ImageIs Europe becoming less uniform? Lack of uniformity among member countries mattered less when the EEC was formed. The people were poorer and more dutiful. Relations and negotiations were conducted among a cosmopolitan elite.
This is changing in two ways. As Europe emerged from post-war reconstruction and the ensuing cold war, national characteristics were able to flourish again in the warmth of peace and relative prosperity. At the same time, national political elites started to become more dependant on their increasingly aware populations for continuation of their political careers and membership of the elite at the European level.
Thus the trend toward uniformity implied by the Monet vision failed to happen in some important respects. Economically illiterate European politicians pitchforked most of Europe into a single currency, with the result that the gulf in styles of economic management between North and South Europe caused greater strains.

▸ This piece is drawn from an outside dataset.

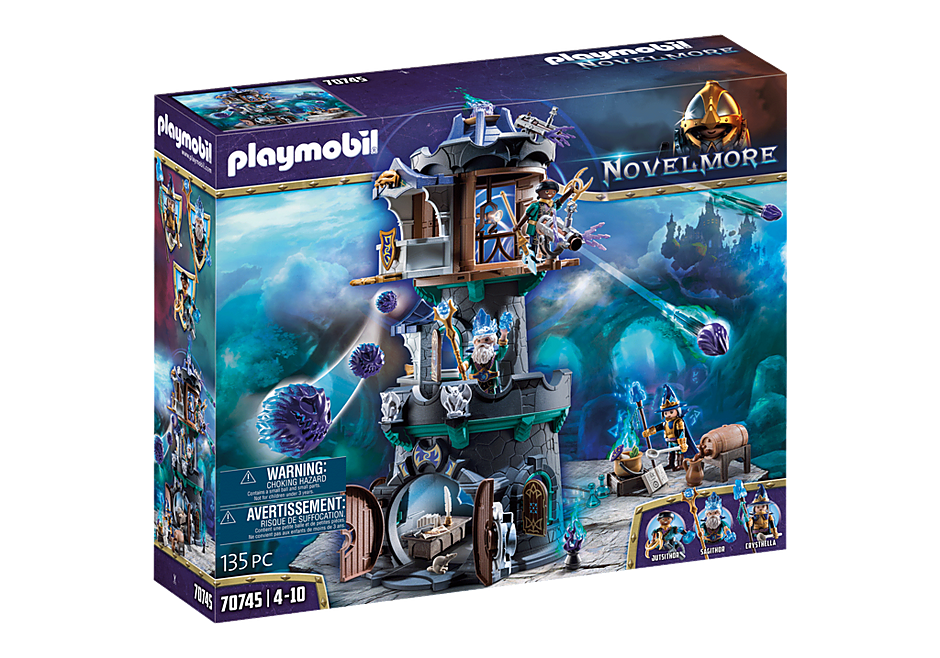 פליימוביל 70745 מגדל המכשף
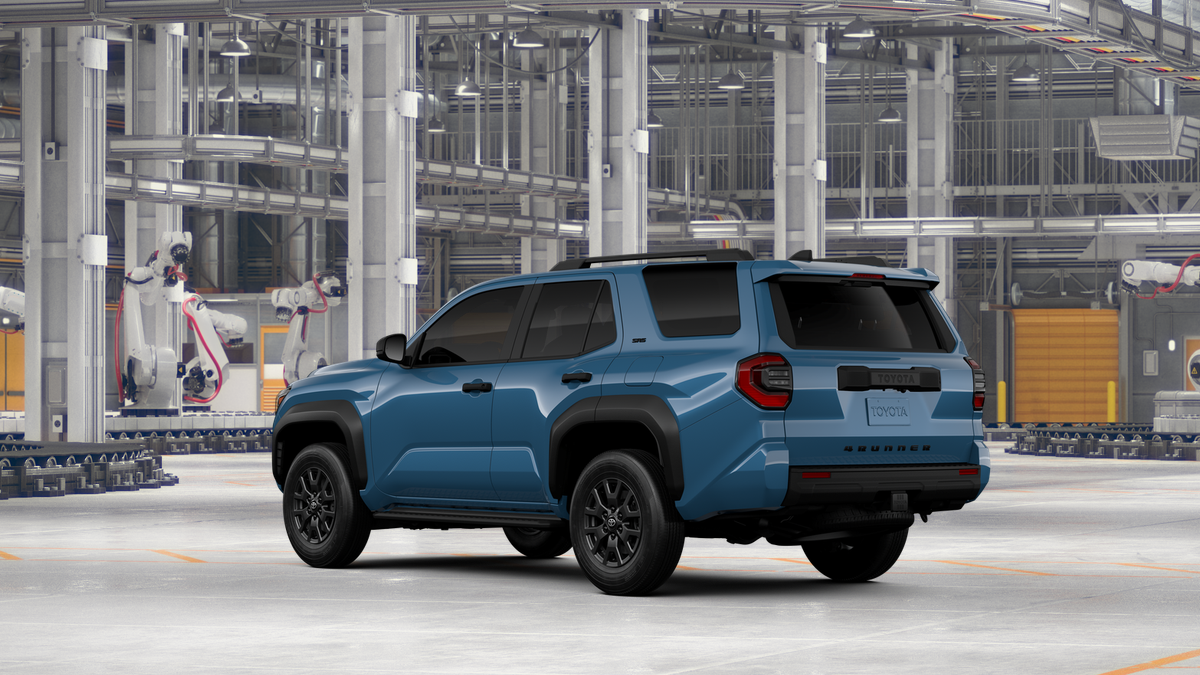 2026 Toyota 4Runner SR5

Even within Northern Europe the economies have run in different styles. Britain borrows, Germany saves and shuns credit cards by choice. Britain advocates free trade, France lightly disguised protectionism. France and Germany have policy strategies, Britain claims to favour the free market, which is often an excuse for avoiding policy choices.
As more south European countries have joined the EU - for the money - so the amount of corruption has leapt. Romania, Bulgaria and many Balkan countries are institutionally corrupt. Southern Italy is institutionally corrupt. If you doubt this, your Christmas book list should include the richly written and stomach churning Gomorrah (for Italy), and McMafia for Bulgaria, the Balkans, and the rest of the world.
The more you gaze on Europe, the more foreign it seems.